(Records to process Opens)
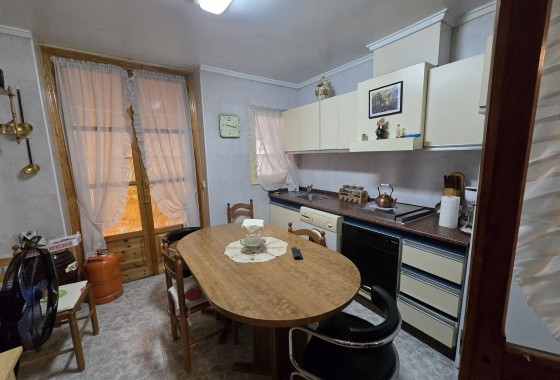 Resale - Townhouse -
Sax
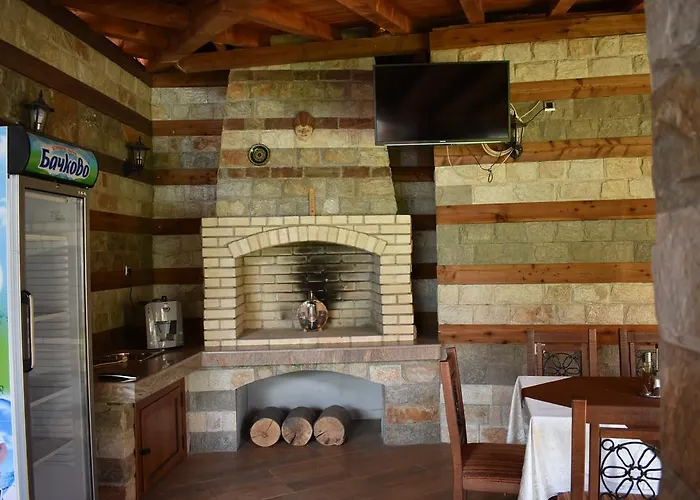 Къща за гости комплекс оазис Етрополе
(Records to process Closes)
(Records to process Opens)
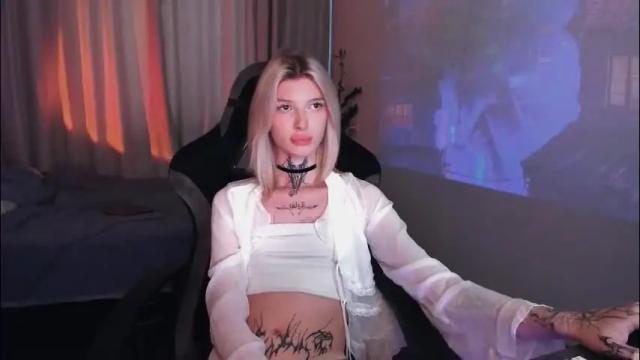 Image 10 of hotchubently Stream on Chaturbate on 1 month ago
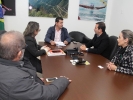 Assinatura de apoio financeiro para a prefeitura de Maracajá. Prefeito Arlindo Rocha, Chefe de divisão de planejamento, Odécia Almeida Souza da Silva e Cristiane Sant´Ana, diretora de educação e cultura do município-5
(Records to process Closes)
◆ How to complete this task ◆
Retype the lines above exactly as they appear, from the line containing "Resale - Townhouse" through the line containing "Къща за гости комплекс оазис Етрополе", and leave out any pictures.

◆ Completed task ◆
 Resale - Townhouse -
Sax
 Къща за гости комплекс оазис Етрополе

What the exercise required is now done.